SOX was implemented after the Enron and WorldCom scandals. It was the government’s quick response and solution to the mistrust the public was gaining of big corporations. SOX implemented many regulations on auditors and companies in order to make sure no more economic disasters would occur in the future (the financial crisis of 2008?). For my white paper, I want to explore the actual effects of SOX on society, companies, and auditing firms.
I used Google Scholar as my main search engine to help find sources/articles on SOX in general. There were many sources that were available. The third result caught my eye, “Economic consequences of the Sarbanes-Oxley Act of 2002”. This source had been cited 379! Within those sources that had cited this article, I found an article (“Why do firms go dark? Causes and economic consequences of voluntary SEC deregistrations”) that was devoted to focusing on one affect that SOX had; it caused many public companies to go “dark”. This article went into a lot of detail about how SOXs has led many firms to go dark and provided not only many additionally sources for me to research but also lots of useful calculations.

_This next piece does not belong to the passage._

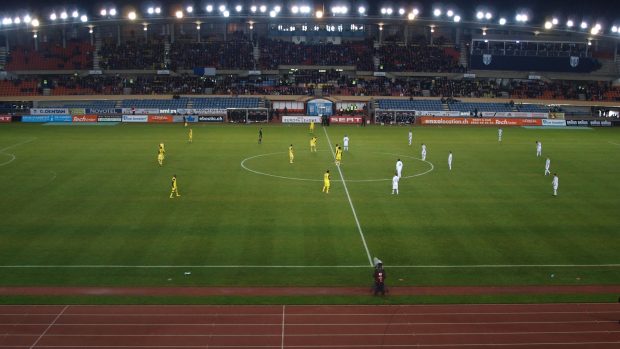 Do žluté oblečený africký útok přinesl Spartě v Lausanne štěstí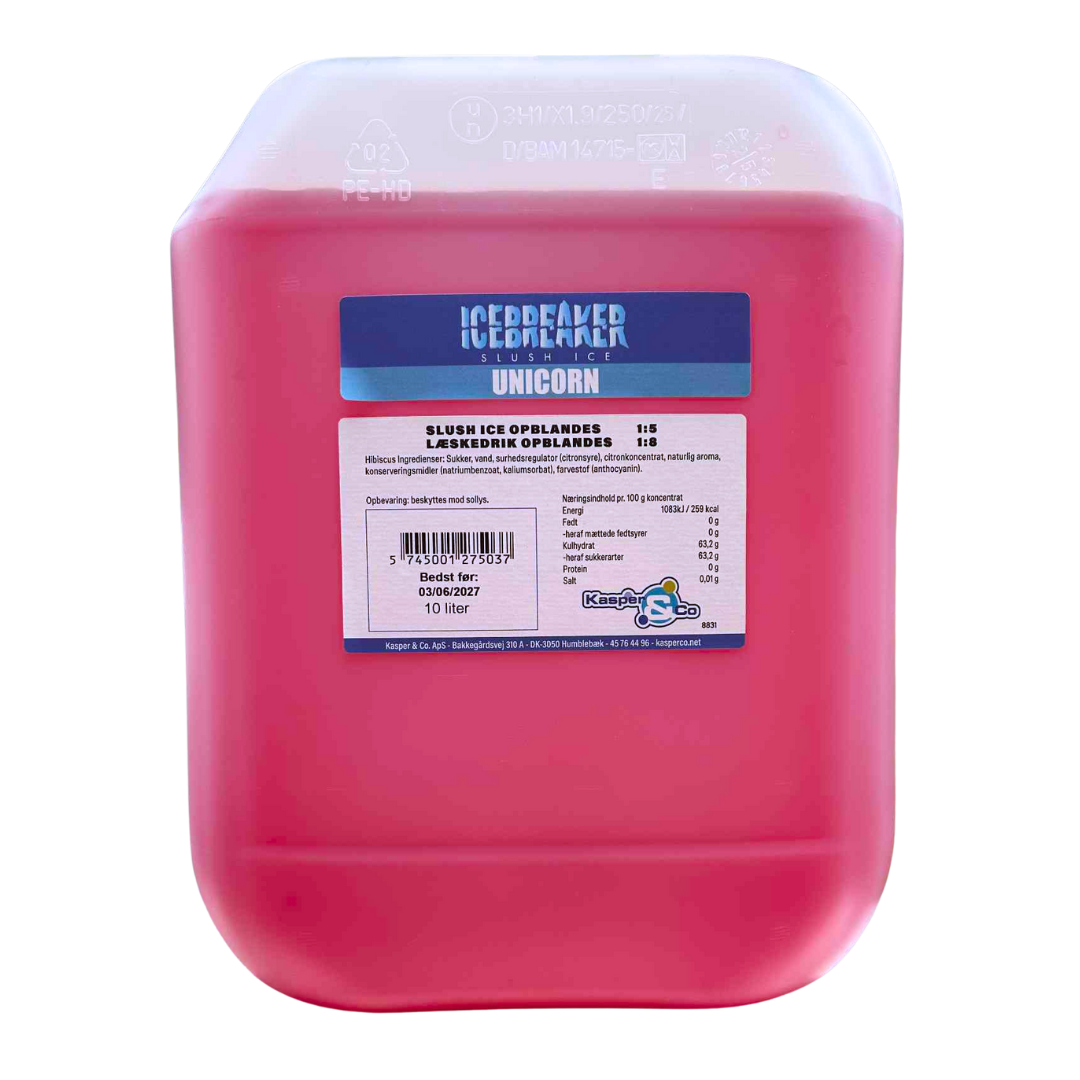Unicorn koncentrat- ICEBREAKER 10 liter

It also had a larger number of hits (240).
When a firm goes dark, the firm deregisters with the SEC as a public company but they still trade in OTC markets. Therefore, they are not quite a private firm either. The overall study found that there were two main reasons for a company to go dark; as a way to save costs or to solve agency conflicts. SOX has been the main (but not only) cause for these two issues that have caused companies to go dark. SOX has caused many firms to spend more money on reporting and has also increased the “level of scrutiny that SEC registrants face”. Whenever, a firm deregisters but continues to trade, they make even less disclosures which can hurt the shareholders even more. Overall, the article had a negative view of SOX. It had a biased opinion without really offering another perspective.
I think this source can help with the development of my white paper. It focuses on one area that SOX has effected and it is a reliable source. Google Scholar appears to be a great search engine (once I figured out how to use it).